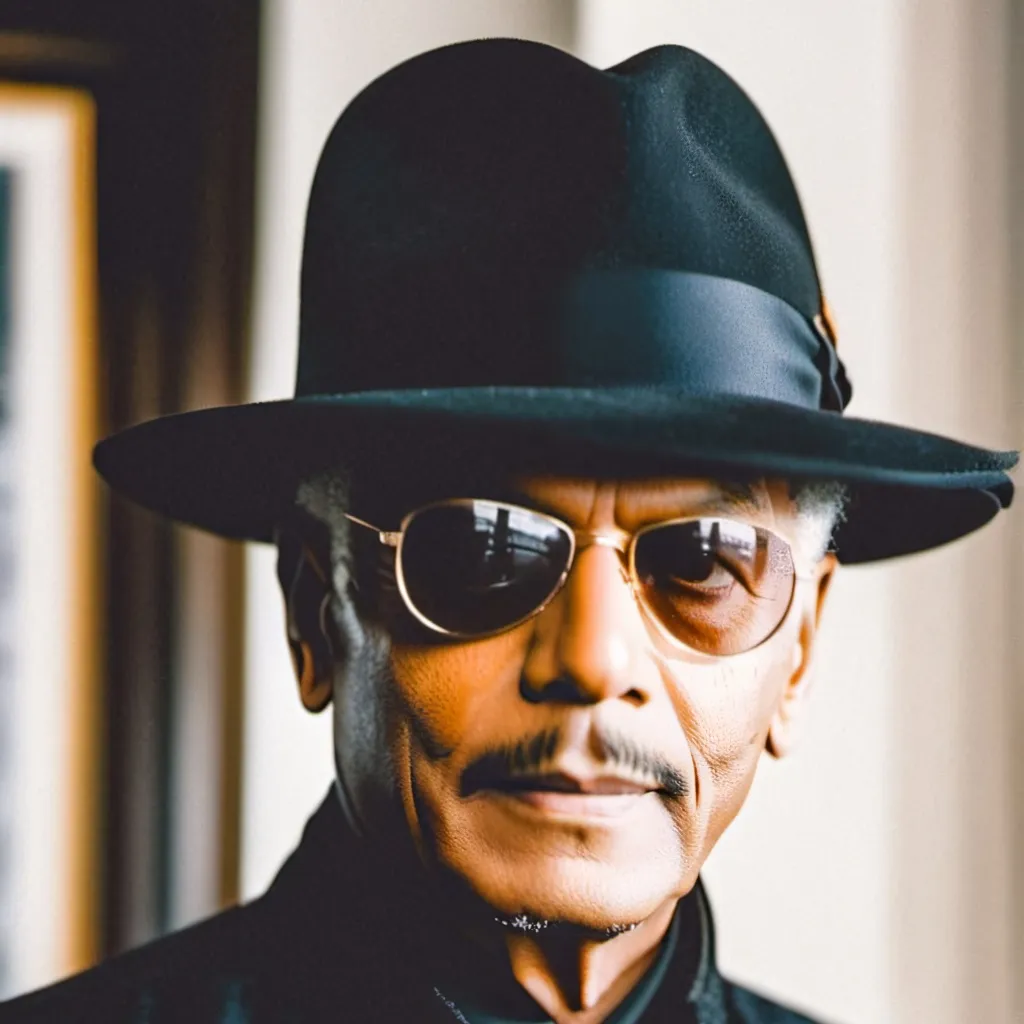 chat with ai character: joe Jackson 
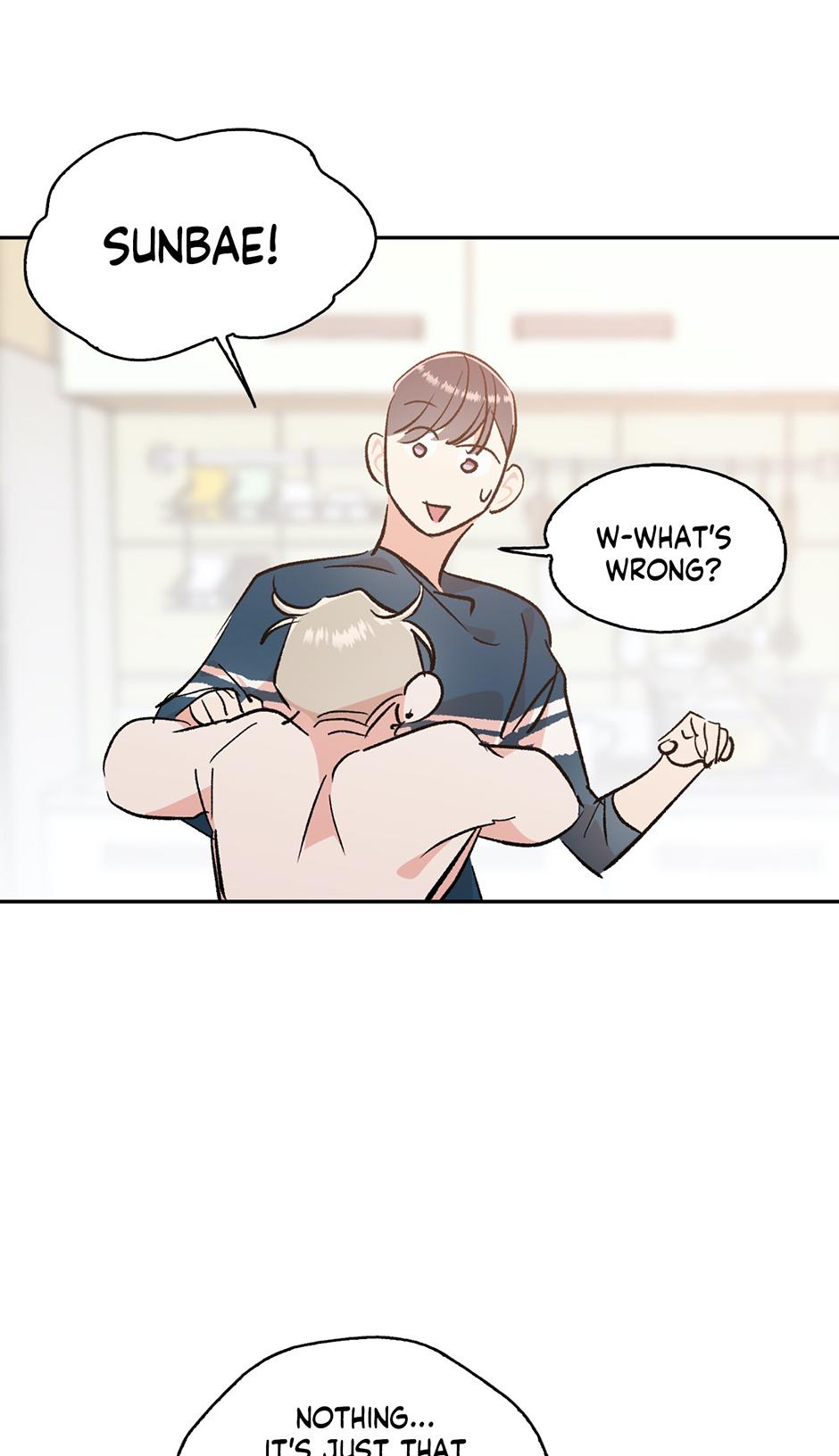 Secret Therapy Chapter 37 page 30 - 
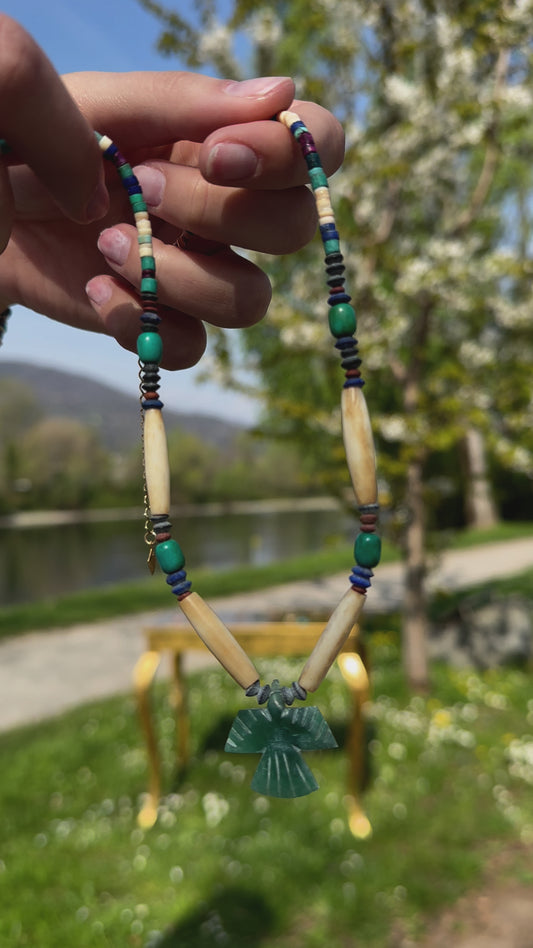 Collana Western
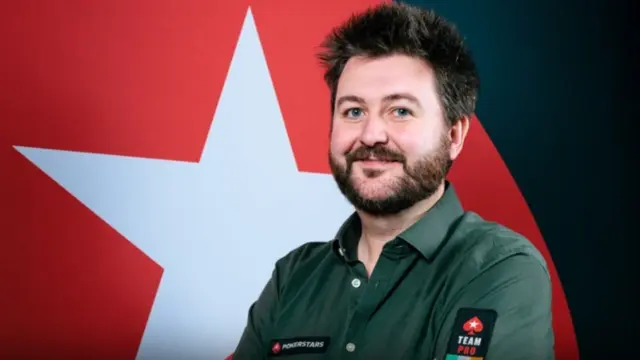 David Lappin Pokerstars ambassador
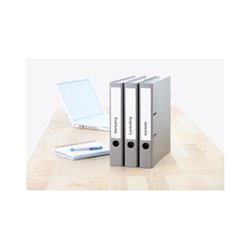 HERMA Ordneretikett 4283 kurz/schmal sk weiß 700 St./Pack.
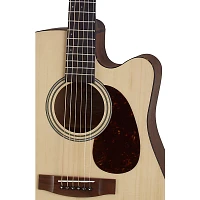 Mitchell T311CE Dreadnought Acoustic-Electric Guitar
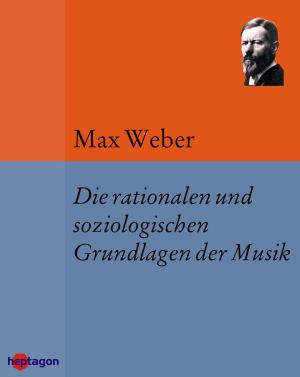 Book cover of Die rationalen und soziologischen Grundlagen der Musik
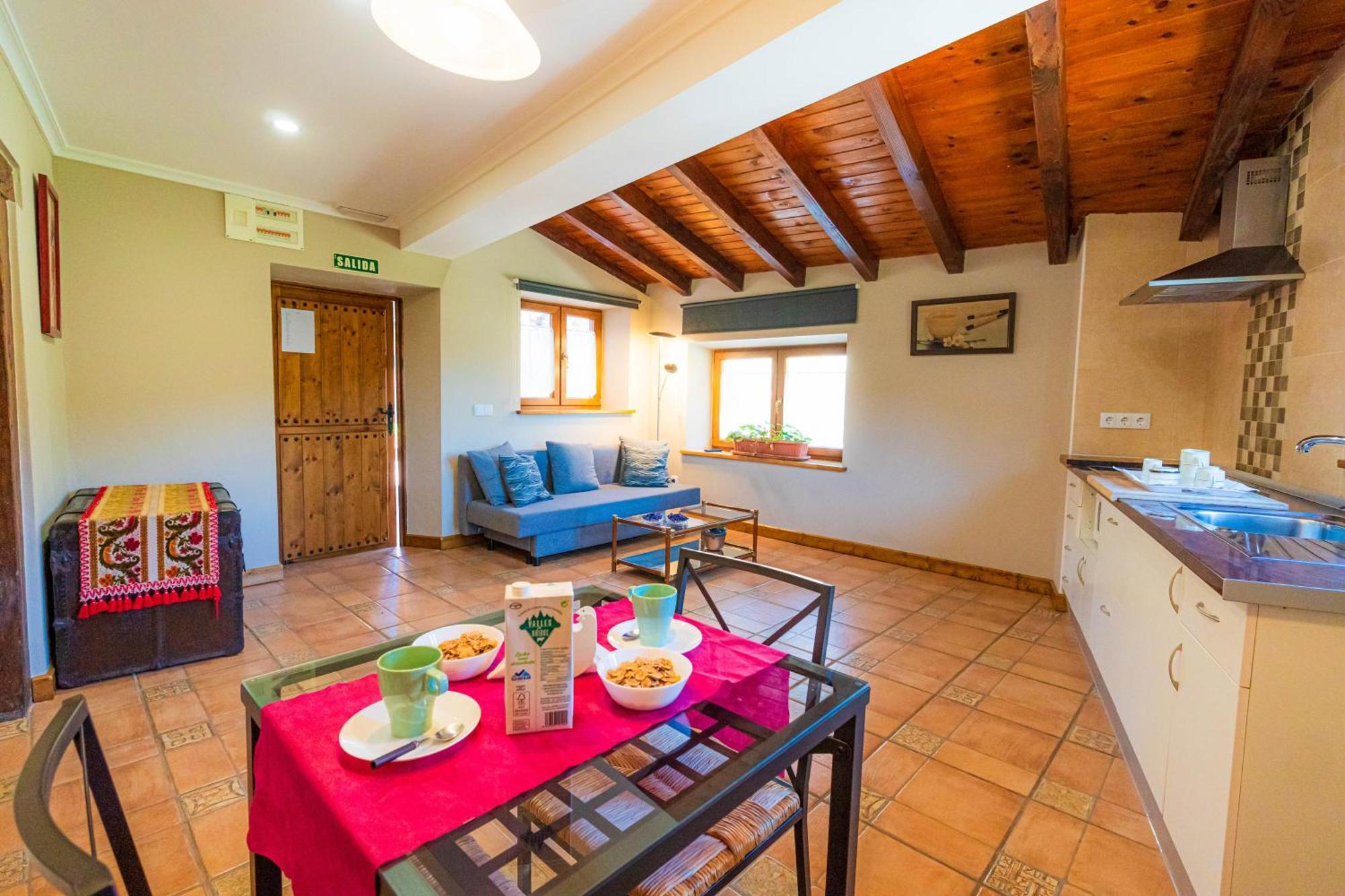 Apartament La Casa De Adriana Baro  Zewnętrze zdjęcie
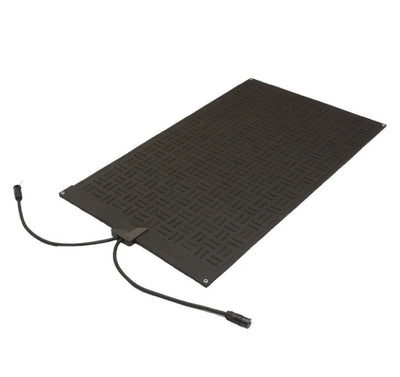 Tapis Chauffant pour Porte 24" x 40" 120v / 2.1A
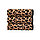Набір рушників махрових leopard print trend 2024 500 г/м2 50*90+70*140+50*70 см, фото 7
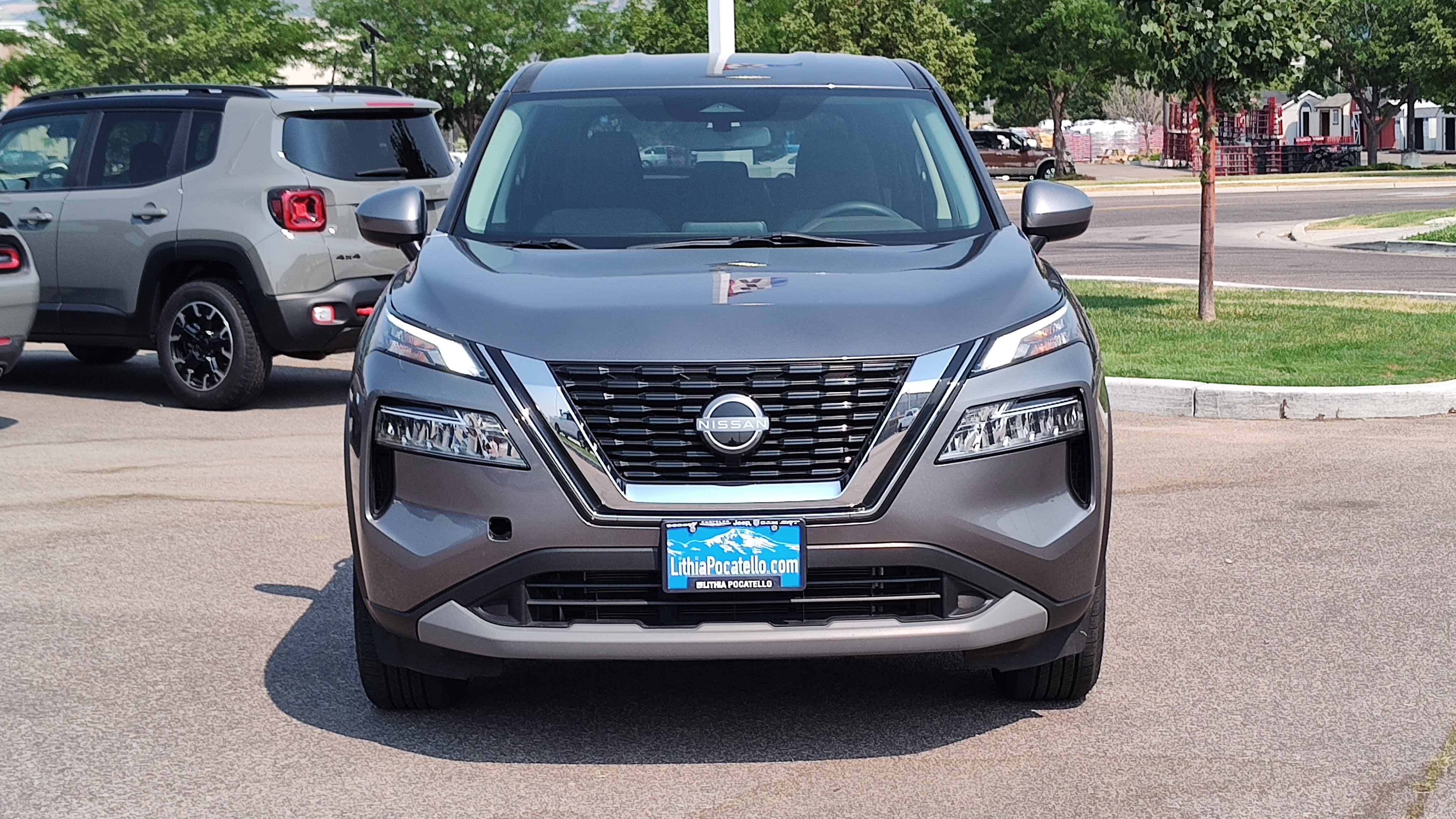 2023 Nissan Rogue SV 6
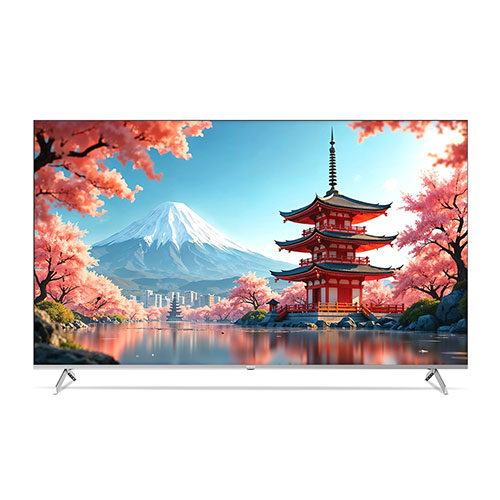 تلویزیون Ultra HD 4K آیوا مدل ZQX5H سایز ۷۵ اینچ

**TASK DESCRIPTION**
Once the line containing "Mitchell T311CE Dreadnought" has been copied, stop; everything from the first line of the data up to it must be copied exactly, without pictures.

**TASK RESULT**
 chat with ai character: joe Jackson 
 Secret Therapy Chapter 37 page 30 - 
 Collana Western
 David Lappin Pokerstars ambassador
 HERMA Ordneretikett 4283 kurz/schmal sk weiß 700 St./Pack.
 Mitchell T311CE Dreadnought Acoustic-Electric Guitar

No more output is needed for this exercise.